Each post type has its own customized primary sidebar. To facilitate navigation within the post type sections, we created two custom widgets that take advantage of the site’s numerous taxonomies: Taxonomy List and Posts by Term. Both use smart post type detection for taxonomies shared across multiple post types, like Organizations and Subject Areas. When used in a post type’s sidebar, they list only information relevant to that post type (e.g. administrative departments used only for People do not appear in Course listings), and they link to information filtered to the currently-viewed post type. When choosing a department from a Course listing, you’ll see only Courses, not a mix of Courses and People.
We’ve also filtered the built-in WordPress Recent Posts widget to respect the post type of the page on which it appears.
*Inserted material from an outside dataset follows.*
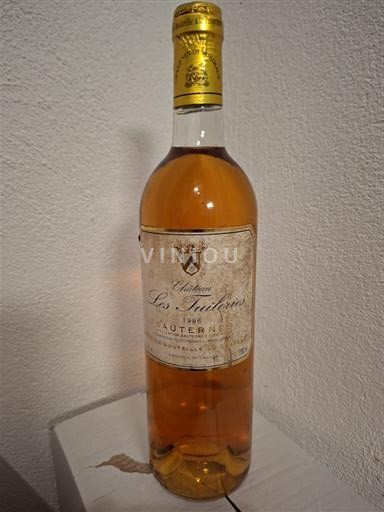 Bordeaux Sauternes Château Les Tuileries RECOLTANT LANGON 33 MIS EN BOUTEILLE AU CHATEAU 1996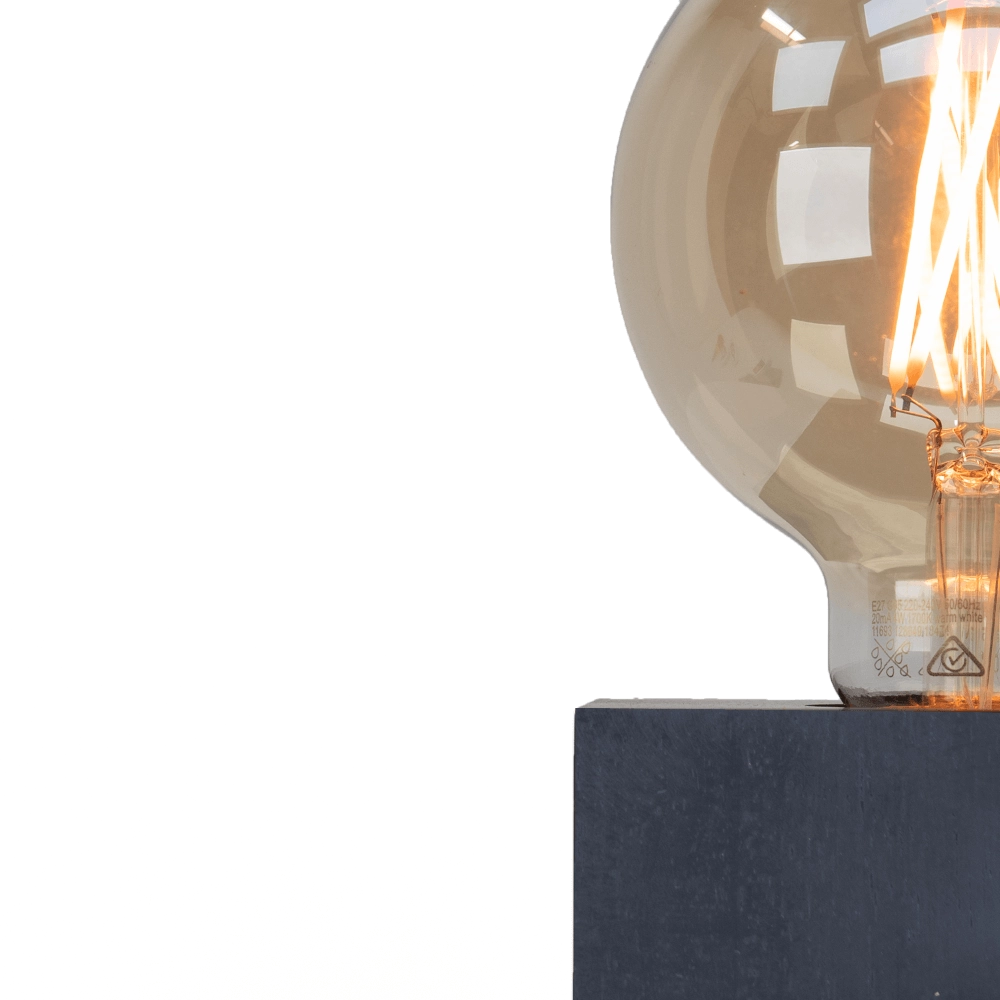 Tafellamp Prestwick 2 Donker hout Eglo 9002759437343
When used in the Publications sidebar, it lists recent publications instead of blog posts.
Site owners can replace widgets on a per-page basis in both the sidebars and the footer. However, the widgets we have set up in the template site, which will be the basis for all new sites, should serve for most constituents.
Mobile Menus, Columns, and Tables
On phone-sized screens, tables rearrange themselves into stacked rows of data, with column headings shifted to the left and repeated for each record. Empty columns are omitted entirely.
The mobile version of the menu accommodates multi-level hierarchies. Both the menu and the header widget area are hidden behind toggles on mobile screens.
Multi-column and grid layouts are visible on tablet and desktop sizes, but turn into single-column lists on phone-sized screens.
As with almost all of our projects, the Engineering theme and plugin suite includes a custom Dashboard wayfinding widget and extensive in-dashboard documentation.